По мере того как опускается солнце, краски окружающей нас страны делаются все более прекрасными. Чернота почвы контрастирует с бледно-лимонной листвой и сверкающей ржавчиной коры эвкалиптов.
В те моменты, когда наши водители не вытаскивают друг друга из грязи, они расспрашивают всякого мимохожего… малых детей, старух с вязанками хвороста, юных девиц — со все возрастающим отчаянием:
— Галлабат… где Галлабат?
Тянемся дальше. Один из «лендкрузеров» серьезно поврежден — у него лопнула подвеска. Приходится разгружаться и перераспределять багаж по другим и так уже загруженным машинам. Вокруг тьма кромешная. И пока мы занимаемся этим делом, из кустов появляются три фигуры. Первым идет маленький мальчик со свечой в руках. За спиной его горизонт тут же озаряется вспышкой молнии. Мы устали, испачкались, отсидели зады — но в мгновении этом кроется нечто незабываемое.

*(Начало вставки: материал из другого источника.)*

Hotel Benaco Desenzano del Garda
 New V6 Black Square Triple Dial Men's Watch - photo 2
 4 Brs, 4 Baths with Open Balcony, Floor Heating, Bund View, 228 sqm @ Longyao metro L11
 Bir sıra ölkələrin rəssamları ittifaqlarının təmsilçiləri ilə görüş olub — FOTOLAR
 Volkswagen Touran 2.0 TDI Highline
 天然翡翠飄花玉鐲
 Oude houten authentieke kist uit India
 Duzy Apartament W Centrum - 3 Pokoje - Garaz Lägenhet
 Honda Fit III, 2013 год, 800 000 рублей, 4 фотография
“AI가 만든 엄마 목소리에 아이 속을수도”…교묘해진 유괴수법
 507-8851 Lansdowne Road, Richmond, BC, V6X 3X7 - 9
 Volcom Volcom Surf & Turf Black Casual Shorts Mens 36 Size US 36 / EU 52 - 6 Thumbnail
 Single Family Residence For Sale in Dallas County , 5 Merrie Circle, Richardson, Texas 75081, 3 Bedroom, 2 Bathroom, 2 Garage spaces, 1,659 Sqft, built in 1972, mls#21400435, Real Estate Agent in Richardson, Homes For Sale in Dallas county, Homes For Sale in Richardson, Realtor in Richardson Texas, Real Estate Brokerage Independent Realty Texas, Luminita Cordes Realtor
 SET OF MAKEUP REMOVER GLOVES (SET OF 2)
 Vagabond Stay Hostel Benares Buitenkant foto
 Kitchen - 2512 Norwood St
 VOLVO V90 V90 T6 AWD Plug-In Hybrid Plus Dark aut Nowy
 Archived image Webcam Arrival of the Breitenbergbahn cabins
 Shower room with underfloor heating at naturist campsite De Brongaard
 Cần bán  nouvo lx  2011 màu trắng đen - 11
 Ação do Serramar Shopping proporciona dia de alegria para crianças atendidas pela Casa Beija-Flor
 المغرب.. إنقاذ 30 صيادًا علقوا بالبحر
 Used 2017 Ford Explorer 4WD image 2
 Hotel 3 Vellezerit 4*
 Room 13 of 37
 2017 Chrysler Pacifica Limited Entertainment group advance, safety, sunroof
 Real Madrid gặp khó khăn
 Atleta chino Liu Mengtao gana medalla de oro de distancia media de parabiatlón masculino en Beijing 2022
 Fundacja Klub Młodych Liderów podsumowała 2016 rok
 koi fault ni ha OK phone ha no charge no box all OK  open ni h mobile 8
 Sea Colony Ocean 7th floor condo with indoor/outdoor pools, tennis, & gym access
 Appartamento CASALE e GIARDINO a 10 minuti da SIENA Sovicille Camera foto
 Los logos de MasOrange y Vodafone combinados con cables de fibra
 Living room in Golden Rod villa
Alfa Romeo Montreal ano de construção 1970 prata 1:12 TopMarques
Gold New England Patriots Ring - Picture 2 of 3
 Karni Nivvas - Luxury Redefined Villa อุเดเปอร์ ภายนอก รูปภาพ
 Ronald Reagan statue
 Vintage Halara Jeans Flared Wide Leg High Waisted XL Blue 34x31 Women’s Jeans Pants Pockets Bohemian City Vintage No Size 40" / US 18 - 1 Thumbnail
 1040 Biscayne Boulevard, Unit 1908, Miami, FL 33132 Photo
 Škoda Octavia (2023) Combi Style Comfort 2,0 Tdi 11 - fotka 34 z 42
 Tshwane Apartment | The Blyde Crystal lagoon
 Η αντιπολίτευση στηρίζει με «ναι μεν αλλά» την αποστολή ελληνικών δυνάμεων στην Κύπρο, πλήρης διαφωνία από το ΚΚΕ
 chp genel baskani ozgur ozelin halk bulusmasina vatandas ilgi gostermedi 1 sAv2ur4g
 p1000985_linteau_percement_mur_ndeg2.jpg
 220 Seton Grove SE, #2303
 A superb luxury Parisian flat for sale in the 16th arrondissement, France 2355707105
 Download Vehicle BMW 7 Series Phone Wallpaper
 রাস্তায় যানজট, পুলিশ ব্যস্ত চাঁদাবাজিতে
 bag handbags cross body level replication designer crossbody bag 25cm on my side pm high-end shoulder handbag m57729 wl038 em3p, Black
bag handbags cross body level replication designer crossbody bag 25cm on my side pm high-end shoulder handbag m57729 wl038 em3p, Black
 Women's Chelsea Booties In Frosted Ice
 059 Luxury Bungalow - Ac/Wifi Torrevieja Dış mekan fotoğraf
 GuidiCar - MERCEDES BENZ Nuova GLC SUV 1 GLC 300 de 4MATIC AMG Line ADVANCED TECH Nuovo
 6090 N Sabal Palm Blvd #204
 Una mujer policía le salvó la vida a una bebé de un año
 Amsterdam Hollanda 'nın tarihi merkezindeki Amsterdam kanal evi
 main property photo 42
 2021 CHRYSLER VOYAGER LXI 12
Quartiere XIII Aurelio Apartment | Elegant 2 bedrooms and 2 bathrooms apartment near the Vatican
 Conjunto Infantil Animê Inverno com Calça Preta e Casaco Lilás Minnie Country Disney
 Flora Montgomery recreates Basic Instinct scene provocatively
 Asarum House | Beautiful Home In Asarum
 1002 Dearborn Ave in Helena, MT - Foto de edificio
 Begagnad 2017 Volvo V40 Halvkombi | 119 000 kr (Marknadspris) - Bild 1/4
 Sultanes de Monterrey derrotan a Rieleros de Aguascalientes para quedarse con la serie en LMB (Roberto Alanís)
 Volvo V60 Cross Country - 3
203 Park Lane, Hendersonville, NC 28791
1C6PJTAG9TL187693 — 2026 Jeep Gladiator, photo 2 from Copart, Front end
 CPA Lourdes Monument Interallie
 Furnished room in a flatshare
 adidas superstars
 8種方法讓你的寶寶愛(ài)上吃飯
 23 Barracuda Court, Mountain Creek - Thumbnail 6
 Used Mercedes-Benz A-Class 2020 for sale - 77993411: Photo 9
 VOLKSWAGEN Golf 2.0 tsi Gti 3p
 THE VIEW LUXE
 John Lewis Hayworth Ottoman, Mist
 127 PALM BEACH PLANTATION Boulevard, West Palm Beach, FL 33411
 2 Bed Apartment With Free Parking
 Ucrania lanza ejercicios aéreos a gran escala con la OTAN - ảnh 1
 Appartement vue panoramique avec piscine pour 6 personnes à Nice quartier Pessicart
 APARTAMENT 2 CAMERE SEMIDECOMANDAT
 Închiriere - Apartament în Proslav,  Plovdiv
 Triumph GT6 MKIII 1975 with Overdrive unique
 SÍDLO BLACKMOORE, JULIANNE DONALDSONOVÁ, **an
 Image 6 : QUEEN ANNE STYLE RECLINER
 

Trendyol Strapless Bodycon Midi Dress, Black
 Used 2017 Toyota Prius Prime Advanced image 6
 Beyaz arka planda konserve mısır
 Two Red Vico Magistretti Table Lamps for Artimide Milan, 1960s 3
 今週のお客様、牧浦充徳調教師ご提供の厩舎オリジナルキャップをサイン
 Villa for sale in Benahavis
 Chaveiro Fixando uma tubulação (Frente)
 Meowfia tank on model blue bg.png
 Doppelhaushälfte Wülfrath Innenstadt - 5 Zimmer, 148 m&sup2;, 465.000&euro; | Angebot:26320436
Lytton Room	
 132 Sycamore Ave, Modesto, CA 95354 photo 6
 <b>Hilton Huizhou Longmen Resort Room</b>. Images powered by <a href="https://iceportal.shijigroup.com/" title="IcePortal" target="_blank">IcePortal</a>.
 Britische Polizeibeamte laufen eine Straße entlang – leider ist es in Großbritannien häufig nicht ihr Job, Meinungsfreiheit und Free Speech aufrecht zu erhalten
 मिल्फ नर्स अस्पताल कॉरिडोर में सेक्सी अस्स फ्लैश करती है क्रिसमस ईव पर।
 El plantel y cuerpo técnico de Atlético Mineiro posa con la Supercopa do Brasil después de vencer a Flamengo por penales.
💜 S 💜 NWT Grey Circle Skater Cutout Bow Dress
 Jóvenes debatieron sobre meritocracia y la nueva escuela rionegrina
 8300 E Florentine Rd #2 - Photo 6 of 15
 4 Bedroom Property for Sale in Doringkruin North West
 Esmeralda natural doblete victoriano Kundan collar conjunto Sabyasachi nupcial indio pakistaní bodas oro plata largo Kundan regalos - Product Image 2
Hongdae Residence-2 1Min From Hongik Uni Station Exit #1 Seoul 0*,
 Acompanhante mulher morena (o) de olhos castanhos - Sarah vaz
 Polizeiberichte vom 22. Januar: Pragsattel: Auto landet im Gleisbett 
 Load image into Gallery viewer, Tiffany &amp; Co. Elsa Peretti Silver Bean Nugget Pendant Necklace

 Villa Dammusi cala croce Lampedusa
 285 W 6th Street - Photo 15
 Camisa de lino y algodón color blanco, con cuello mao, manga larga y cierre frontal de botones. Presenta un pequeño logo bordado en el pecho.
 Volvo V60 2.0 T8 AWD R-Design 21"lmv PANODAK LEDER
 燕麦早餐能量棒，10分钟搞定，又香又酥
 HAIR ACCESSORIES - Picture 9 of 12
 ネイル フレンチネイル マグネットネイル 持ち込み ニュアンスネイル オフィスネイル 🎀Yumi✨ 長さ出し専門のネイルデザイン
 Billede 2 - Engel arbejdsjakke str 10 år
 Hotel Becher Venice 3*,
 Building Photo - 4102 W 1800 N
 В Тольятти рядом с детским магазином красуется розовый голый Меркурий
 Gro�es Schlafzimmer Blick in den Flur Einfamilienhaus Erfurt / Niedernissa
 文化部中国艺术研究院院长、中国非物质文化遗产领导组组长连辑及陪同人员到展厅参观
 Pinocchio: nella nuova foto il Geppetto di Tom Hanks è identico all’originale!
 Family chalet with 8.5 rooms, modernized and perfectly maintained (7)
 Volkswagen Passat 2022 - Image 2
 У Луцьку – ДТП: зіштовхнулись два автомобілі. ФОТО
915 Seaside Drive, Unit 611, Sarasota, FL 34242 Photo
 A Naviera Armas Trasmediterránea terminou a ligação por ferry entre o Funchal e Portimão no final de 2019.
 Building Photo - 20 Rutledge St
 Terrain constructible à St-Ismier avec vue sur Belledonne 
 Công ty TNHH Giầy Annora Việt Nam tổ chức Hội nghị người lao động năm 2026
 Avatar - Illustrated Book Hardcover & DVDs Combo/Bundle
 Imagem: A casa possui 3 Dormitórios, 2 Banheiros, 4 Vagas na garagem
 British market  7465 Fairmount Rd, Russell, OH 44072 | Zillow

После тринадцатичасовой езды мы оказываемся в крохотном селении. Уличного света не предусмотрено, вокруг только едва освещенные хижины и собаки, рыщущие возле вонючего ручейка. Нам говорят, что это деревня Канина, и, поскольку она находится недалеко от границы, в ней есть полицейский пост. В полиции нам сообщают, что продолжать наше путешествие ночью крайне опасно, и предлагают остаться ночевать в пристройке на территории участка. Они составляют вместе постели, и при свете масляных ламп и ручных фонарей мы собираем на скорую руку трапезу из сырной намазки, прессованной курятины и прочих скользких, извлеченных из консервных банок продуктов. «Ванную комнату» заменяет большой горшок с водой, стоящий на глинобитном полу в одном из углов пристройки.
День 76: Из Канины в Шеди
Дневной хор в Канине не затихает всю ночь. Никогда мне еще не приводилось слышать такой симфонии хрюканья, ворчанья, мычанья, уханья, воя, лая и гогота. При дневном свете деревня вполне зелена и мила, поодаль от крытых соломой конических хижин в низинке стоят более фундаментальные сооружения, крытые ржавым железом.
Мы снова намереваемся выехать так рано, насколько это окажется возможным, и остановиться позавтракать лишь после того, как обретем твердую почву под ногами. Получить точную информацию, как и прежде, не удается, но говорят, что Галлабат находится не более чем в 30 км отсюда.